Nelson City Council’s Solar Saver Scheme, developed in conjunction with EECA, is a key aspect of the Council’s goals to reduce the communities greenhouse gas emissions. The Scheme helps to remove some of the barriers associated with installing solar water heating, as the Council pays the upfront cost of installation of the solar water heating system. Residents then pay for the scheme over a 10 year period as a voluntary targeted rate on their property.  Since December 2009, nearly 200 systems have been installed using the targeted rate approach, making a difference in energy consumption and greenhouse gas emissions in the Nelson community.  The project is an example of a council stepping up to a challenging issue faced by many communities.

 

Tasman District Council and Nelson City Council

Ecofest is an annual event educating and empowering the public to live sustainably. It has been going for 10 years and attendance at Ecofest is around 6,000 visitors each year.  The event mixes retail with hand-on education and participation. Ecofest supports community engagement in a range of topics such as self-sufficiency at home, waste management, water conservation, solar and alternative energies, sustainable transport and local conservation issues. The event works collaboratively with community groups to ensure they can also involve people across the region in key issues relating to sustainability.

Tasman District Council and Nelson City Council have seen positive spinoffs in the community, particularly in relation to air quality, waste management and sustainable housing. Ecofest is an innovative way of raising the collective understanding of the role of our environment and building a stronger, more connected community.

Protecting our biodiversity

 

Pomona Island Charitable Trust, Haast Kiwi (Tokoeka) Crèche

Since 2005, the volunteers of the Pomona Island Charitable Trust have worked to create pest free sanctuaries on Pomona and Rona Islands in Lake Manapouri, Fiordland. The Trust has undertaken an extensive pest eradication programme, removing stoats, rats, mice, possum and deer, and continues trapping to prevent re-invasion of the islands. These islands are now supporting nationally endangered species recovery programmes by providing a safe habitat for threatened Yellowheads (Mohua) as well as acting as a crèche site for the critically endangered Haast Kiwi (Tokoeka). The Trust works in partnership with the Department of Conservation and local businesses to maintain these island sanctuaries, so that locals and visitors can see, hear and learn about New Zealand's native flora and fauna.

 

Trees for Canterbury

Trees for Canterbury have been providing native plants for community revegetation projects across the Canterbury region since 1993. Over this time, more than 670,000 trees have been donated.
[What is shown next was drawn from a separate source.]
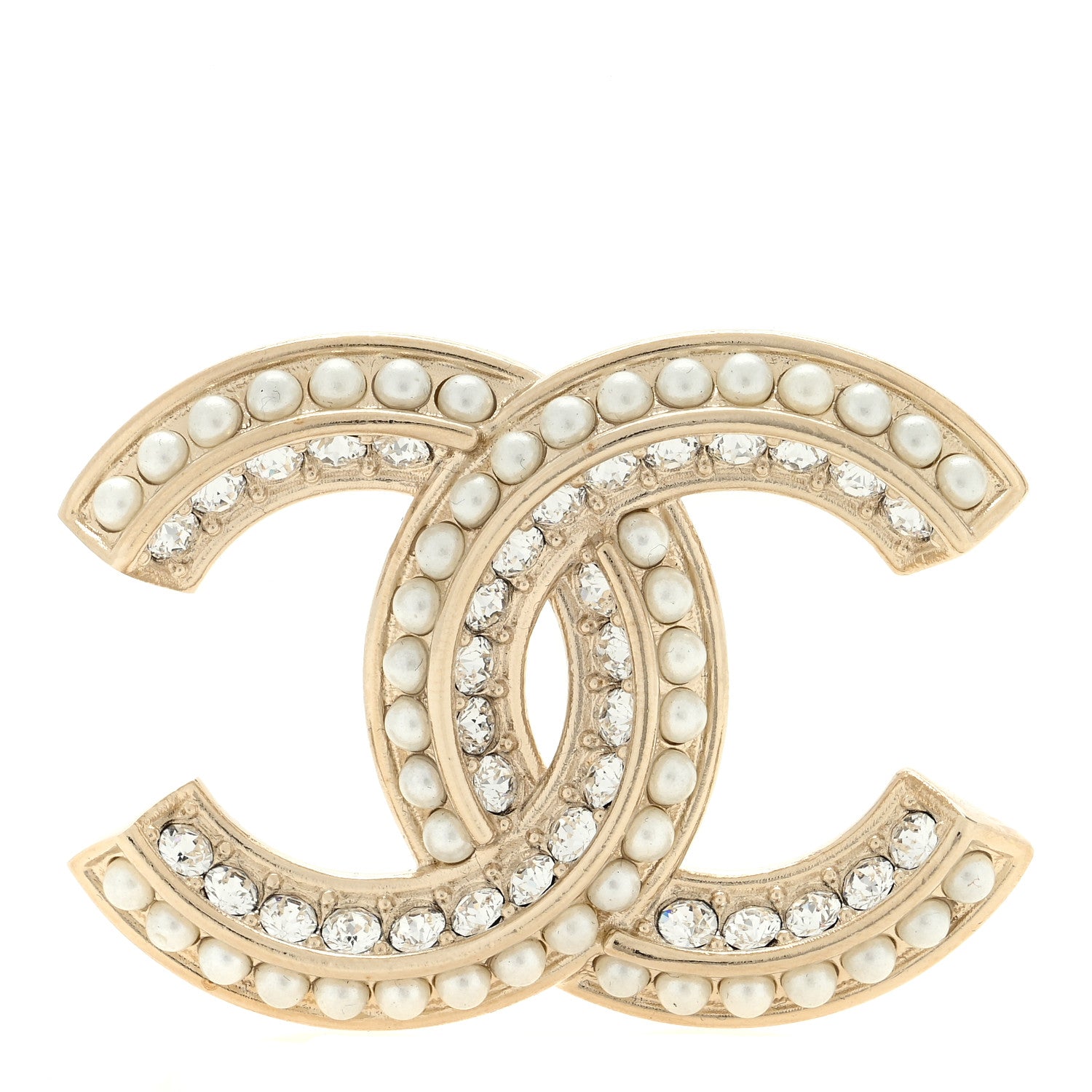 Chanel Pearl Crystal Queen of France CC Brooch Gold 1 of 3
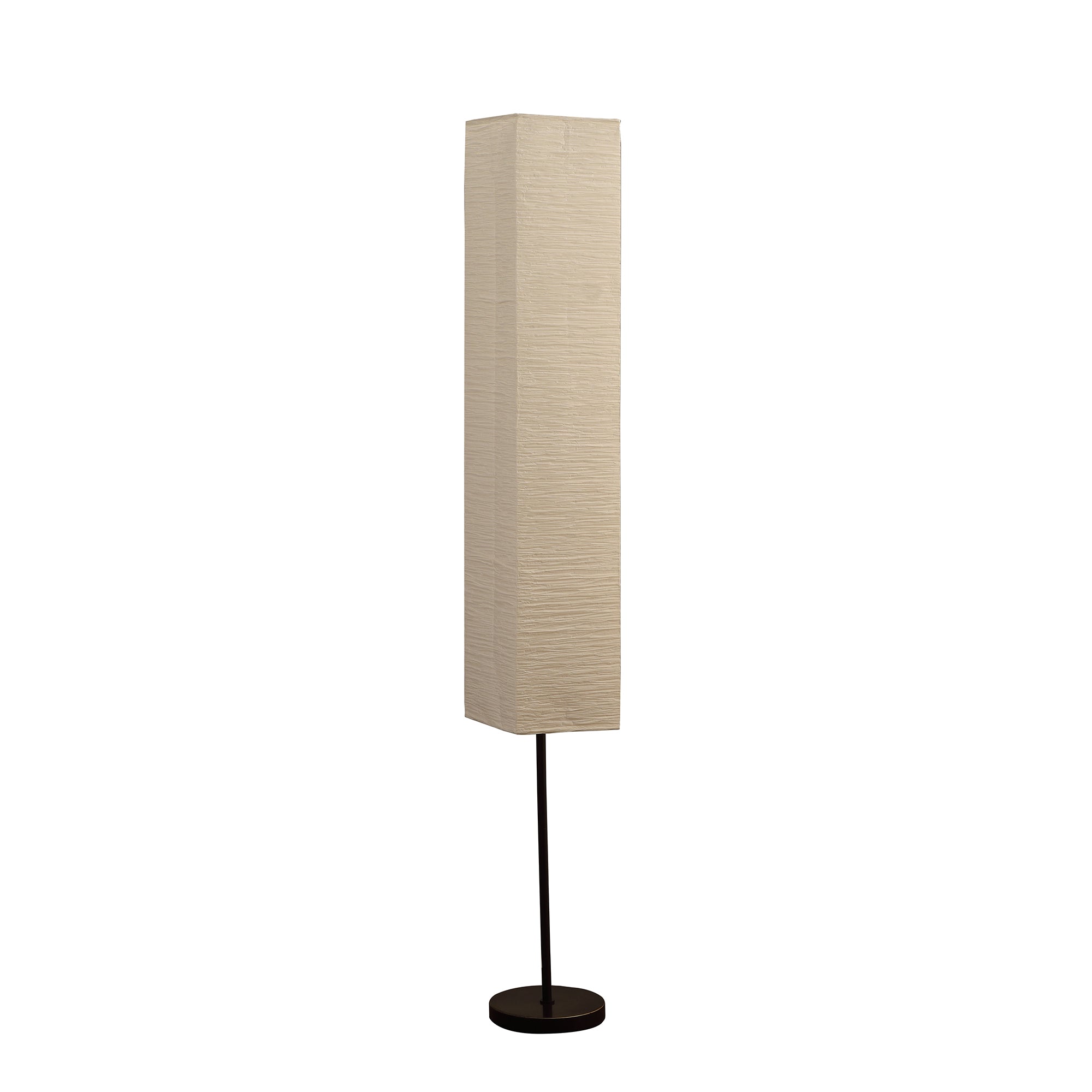 ORE International Noki Japanese Paper Floor Lamp 62.5-Inch Black Off White Model HBL2306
The group runs major planting events attracting up to 150 volunteers and seeing up to 20,000 seedlings planted each year. During 2010, native seedlings were donated to 132 different organisations including schools, churches, sports groups and environmental groups. Trees for Canterbury also run school and community education talks, tours and work placements, providing a valuable service to the community as well as the environment.

 

Tuhoe Putaiao Charitable Trust

The Tuhoe Putaiao Charitable Trust has been carrying out environmental protection work in the Bay of Plenty for many years in collaboration with the Department of Conservation, local iwi, the Regional Council and forestry operators. The Trust has been instrumental in the restoration of wetlands and indigenous forests through pest trapping and native flora and fauna protection. The partnerships and cooperation they have fostered means they are now a resource for advice and information on conservation for the other Marae within their valley. The Tuhoe Putaiao Charitable Trust is demonstrating conservation leadership in the Bay of Plenty leading to lasting environmental and social benefits.